David Van den Broeck, professeur d’arts plastiques, graphiste et plasticien, je suis née un après midi de février entre un magasin de fleurs et un parc à container. La vie se nourrit parfois de coïncidences.
Rêveur et joueur, j’aime collecter des éléments naturels ou des débris de la société de consommation que j’assemble pour réaliser des installations et des sculptures végétales.

Sorte de conglomérats organiques et chaotiques, joyeux désordre où nature et technologie
se côtoient dans d’improbables relations. Collection de silhouettes fantomatiques,
sombres vestiges d’une nature et d’une société de consommation en sursit, où le vrai et le faux, le naturel, l’artificiel se confondent et s’interpellent.

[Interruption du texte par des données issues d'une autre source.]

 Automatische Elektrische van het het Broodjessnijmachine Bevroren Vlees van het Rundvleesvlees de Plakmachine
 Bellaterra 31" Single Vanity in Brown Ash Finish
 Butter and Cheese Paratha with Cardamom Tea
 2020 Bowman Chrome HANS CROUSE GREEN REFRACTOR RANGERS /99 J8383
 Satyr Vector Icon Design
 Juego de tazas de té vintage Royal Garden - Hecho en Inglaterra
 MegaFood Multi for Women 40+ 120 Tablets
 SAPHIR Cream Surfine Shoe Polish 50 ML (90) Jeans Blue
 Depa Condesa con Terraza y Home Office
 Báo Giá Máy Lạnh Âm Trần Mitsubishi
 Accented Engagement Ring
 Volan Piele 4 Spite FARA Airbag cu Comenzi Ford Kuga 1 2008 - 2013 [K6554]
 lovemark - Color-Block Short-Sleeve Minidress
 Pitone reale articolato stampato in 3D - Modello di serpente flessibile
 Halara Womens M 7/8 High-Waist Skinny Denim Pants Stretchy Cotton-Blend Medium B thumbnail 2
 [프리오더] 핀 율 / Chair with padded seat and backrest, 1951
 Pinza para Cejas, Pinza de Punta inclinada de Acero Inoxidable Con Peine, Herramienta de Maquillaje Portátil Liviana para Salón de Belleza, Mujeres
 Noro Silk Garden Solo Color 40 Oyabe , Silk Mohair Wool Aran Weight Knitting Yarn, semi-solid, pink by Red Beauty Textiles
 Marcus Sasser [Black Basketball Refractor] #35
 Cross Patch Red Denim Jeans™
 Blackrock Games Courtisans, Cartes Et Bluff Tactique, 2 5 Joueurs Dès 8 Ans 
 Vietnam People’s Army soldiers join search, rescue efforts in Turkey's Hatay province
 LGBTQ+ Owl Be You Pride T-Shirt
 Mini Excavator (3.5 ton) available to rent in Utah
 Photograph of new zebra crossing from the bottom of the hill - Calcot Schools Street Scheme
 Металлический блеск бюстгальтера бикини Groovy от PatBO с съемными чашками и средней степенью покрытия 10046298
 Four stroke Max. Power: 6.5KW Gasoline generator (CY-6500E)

Ma démarche se veut avant tout ludique et expérimentale. Je ne connais jamais l’aspect final
de mes sculptures. Je cultive le hasard des rencontres et l’accident visuel.
Si les formes me plaisent, elles fusionnent ou servent de point de départ à une nouvelle composition.

Jouer avec les formes et les matières est primordial pour moi. L’expérience demeure une finalité en soi. J’entretiens un contact visuel et charnel avec la matière et j’investis beaucoup
d’ énergie dans mes créations.

L’Art reste selon moi le chemin ultime de liberté. Echappatoire créative contre la norme,
l’ennui et la morosité.

Mes affinités avec le monde végétal …

La nature et les végétaux ont une place prépondérante dans mon travail, surtout les fleurs.
Je suis fasciné par la sensualité qu’elles dégagent. (formes, couleurs, parfums).

En effet, le côté fragile, délicat et éphémère de leur existence, nous renvoie avec violence
au caractère éphémère de notre propre existence et à l’équilibre instable et vacillant
de nos modèles économiques, sociaux et écologiques.